By James Blears – Mexico City
The international tourism gem of Tulum, in Mexico’s south, was the first to feel the fist-like brunt of Hurricane Grace on Thursday, after it had already smashed into Jamaica and then earthquake-stricken Haiti.
Done with them, it retreated back to sea, re-gathered its strength, and returned, making lethal landfall in the south-eastern Gulf coast state of Vera Cruz.
Deadly rainfall
There it caused severe flooding, pulling down power lines, plunging more than half a million people into darkness, and killing eight people.
Six of the dead came from a single family, as their home collapsed along with another due to mudslides. Others are missing.
The state capital of Xalapa is severely flooded as River Acopan burst its banks and coursed into residential areas.
Closer to the coast and not that far away, lighter boats were dragged on to land by prudently anxious fishermen.

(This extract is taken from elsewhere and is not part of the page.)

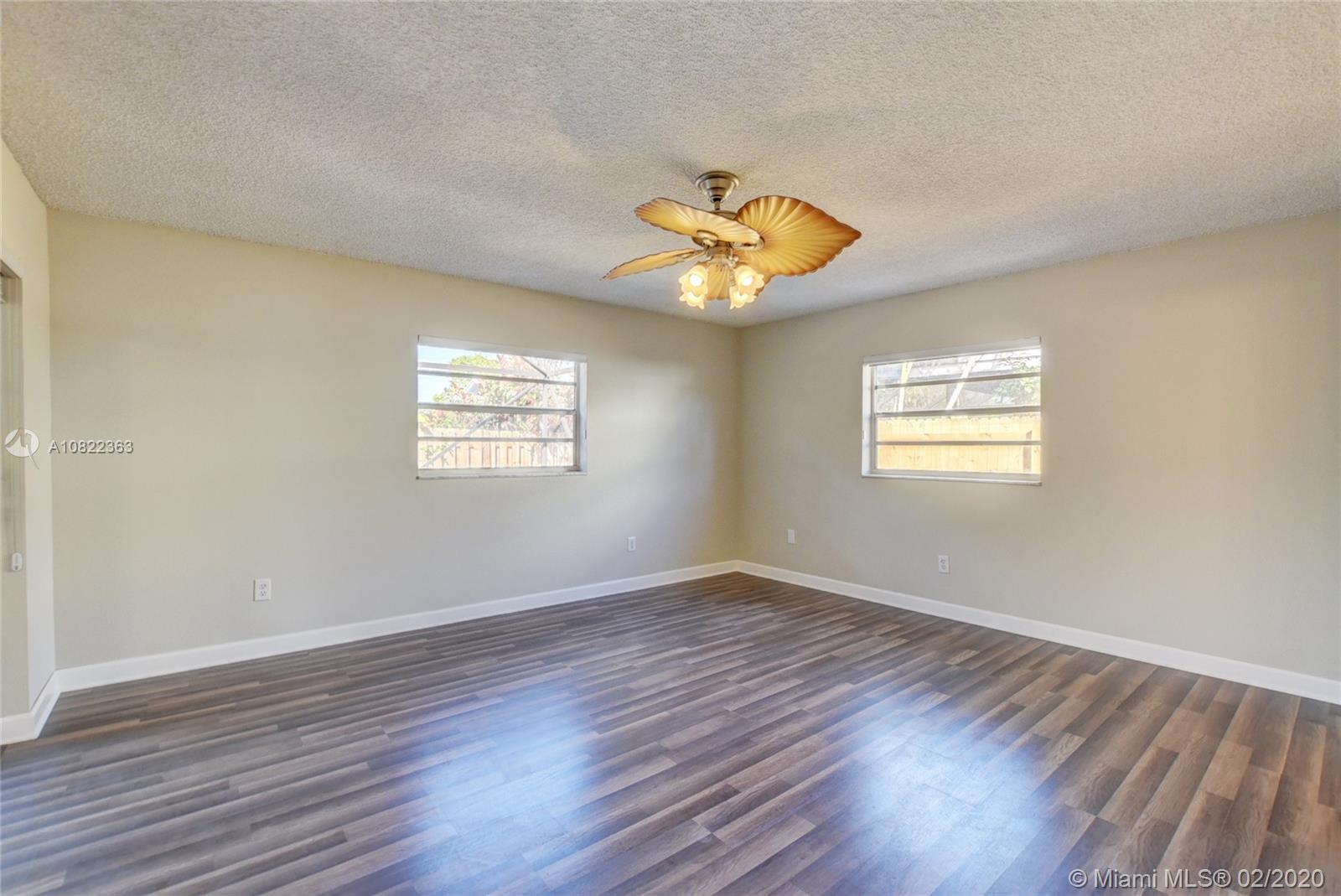 9067 Southwest 1st Road Boca Raton, FL 33428 - Photo 16 of 29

Pleasure boats followed suit, while bigger, heavier vessels were sailed and chugged into harbour.
Weakened, but still packing a punch
Mercifully Grace is weakening over land, lessening to a tropical storm category two and now one, but it still carries the venom of real danger.
Some flights in Mexico City International Airport have been cancelled and the capital, plus its surrounding outlying areas which is home to more than twenty million people, is bracing itself for high winds and torrential rains.

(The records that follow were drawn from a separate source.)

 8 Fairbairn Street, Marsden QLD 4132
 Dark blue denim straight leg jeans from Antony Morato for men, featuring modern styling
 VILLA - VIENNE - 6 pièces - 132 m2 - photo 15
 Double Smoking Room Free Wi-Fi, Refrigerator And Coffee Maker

The storm is expected to hit the capital late Sunday afternoon, as leaden skies overhead prepare to unload, dumping heavy, sweeping belts of rain.
Worsening hurricane season
This ominous season in the Americas has always contained its unwelcome share of annual hurricanes.
But over the past few years, they’ve tended to start earlier and last longer, with greater intensity, as the polluted global climate alters, and for the worse.